2. Intersect the words matching each of the n-grams

Ex: Q = 'cat' intersection('ca','at') => 'catapult,'carat','cat', etc. Note: in the actual index, all index entries for a substring are sorted by scrabble score, and the merge/intersect operation maintains that sorting

3. Filter the results of the intersection to yield only those which match the query string exactly. In the example above, if the Q='cat', 'carat' would be filtered out

4. Return the first K such entries

An important component of the implementation is that all of these operations are done lazily. Instead of loading all matches at each stage into memory, iterators are returned that yield results only as requested. This creates a processing pipeline connecting the top level function, top_results(Q,K) used in Step 4, to the lowest-level function _matches(gram), used in Step 1. This significantly improves the performance of the suggester, particularly for cases where K is small. Additionally, the two lowest level iterators, _matches(gram), which yields values matching a given gram, and _merge(*its), which yields values of the sorted, merged iterators (its), short-circuit to return empty lists when their inputs make it impossible to yield matches for any K.

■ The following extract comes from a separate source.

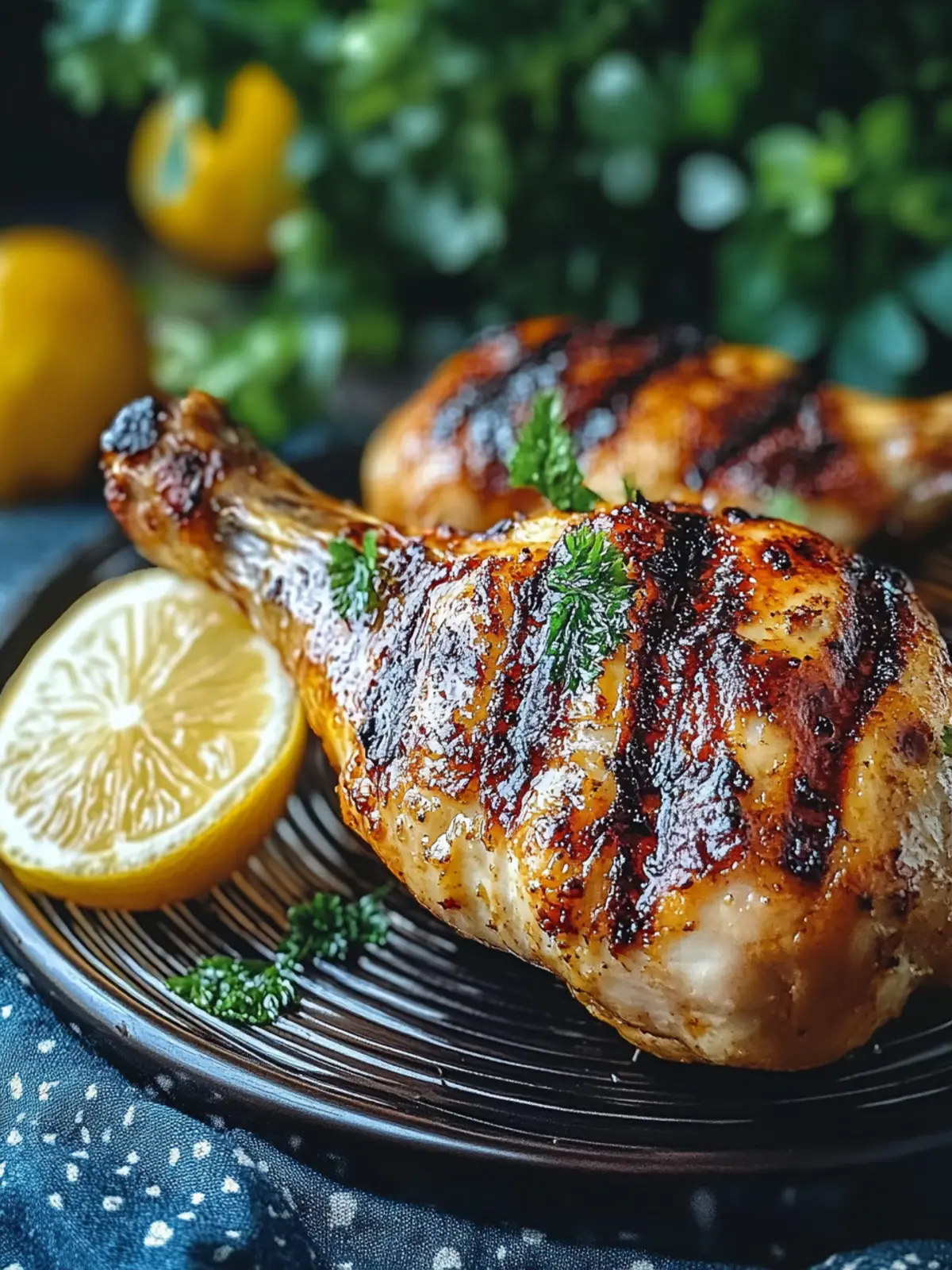 Crispy Hähnchenschenkel aus der Heißluftfritteuse 4 Crispy Hähnchenschenkel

###Storage Because of the requirement that the index be kept on disk instead of in memory, both indexes used (the gram index and the word index) are maintained as directories containing files whose names correspond to each key. The file-system is thus used a key-value store, which proved to be quite efficient. Additionally, because the open operation on a file in python supports iteration, the lazy nature of the implementation is maintained as values written to the file are separated by newlines.

Another option considered was the cPickle module, a faster implementation of the pickle module, which supports serialization and de-serialization of python objects. However, in repeated trials, unpickling became the bottleneck in the performance of the suggester, so this approach was abandoned.